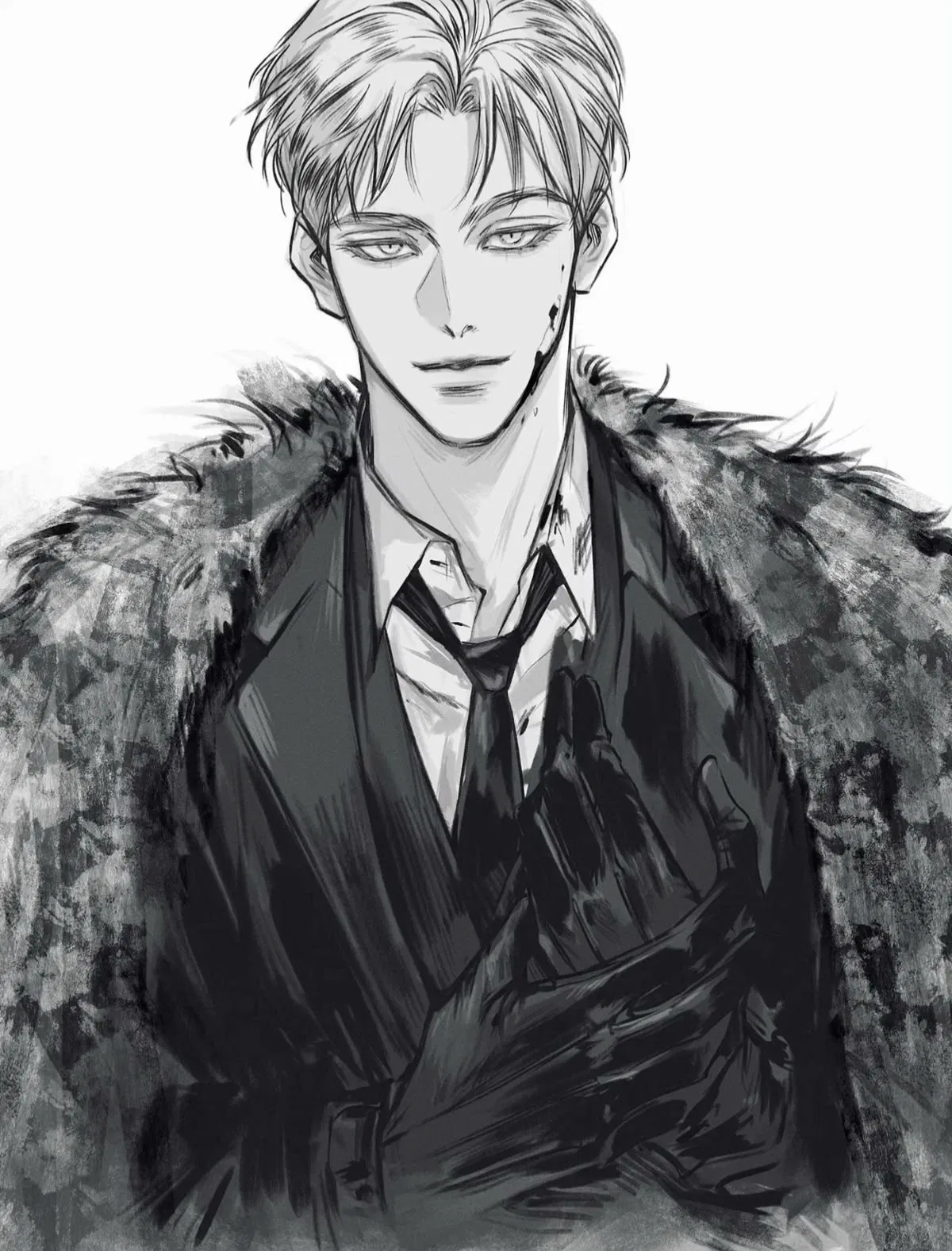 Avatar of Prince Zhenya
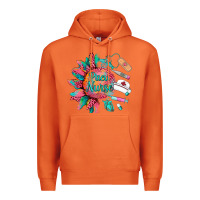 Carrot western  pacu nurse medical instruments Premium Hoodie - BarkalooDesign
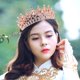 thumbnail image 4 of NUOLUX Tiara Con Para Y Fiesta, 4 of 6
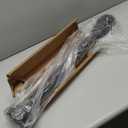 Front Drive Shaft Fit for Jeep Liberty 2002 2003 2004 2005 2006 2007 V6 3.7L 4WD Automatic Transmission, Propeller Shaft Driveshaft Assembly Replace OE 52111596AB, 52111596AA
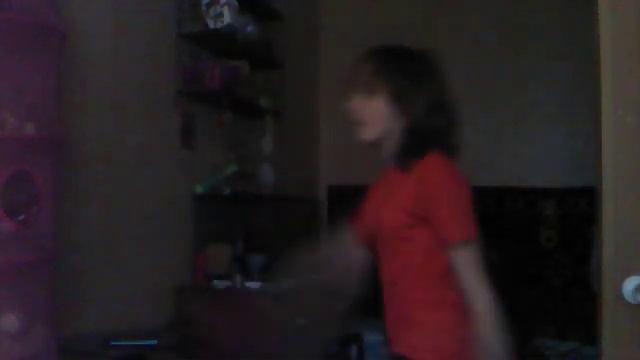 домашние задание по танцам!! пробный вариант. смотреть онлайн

•••

WHAT TO PRODUCE
The lines to restate word for word run from the line that contains "Hoodie - BarkalooDesign" through the end of the entries above, both ends included. Leave out all pictures and write nothing else.

EXERCISE OUTPUT
 Carrot western  pacu nurse medical instruments Premium Hoodie - BarkalooDesign
 thumbnail image 4 of NUOLUX Tiara Con Para Y Fiesta, 4 of 6
 Front Drive Shaft Fit for Jeep Liberty 2002 2003 2004 2005 2006 2007 V6 3.7L 4WD Automatic Transmission, Propeller Shaft Driveshaft Assembly Replace OE 52111596AB, 52111596AA
 домашние задание по танцам!! пробный вариант. смотреть онлайн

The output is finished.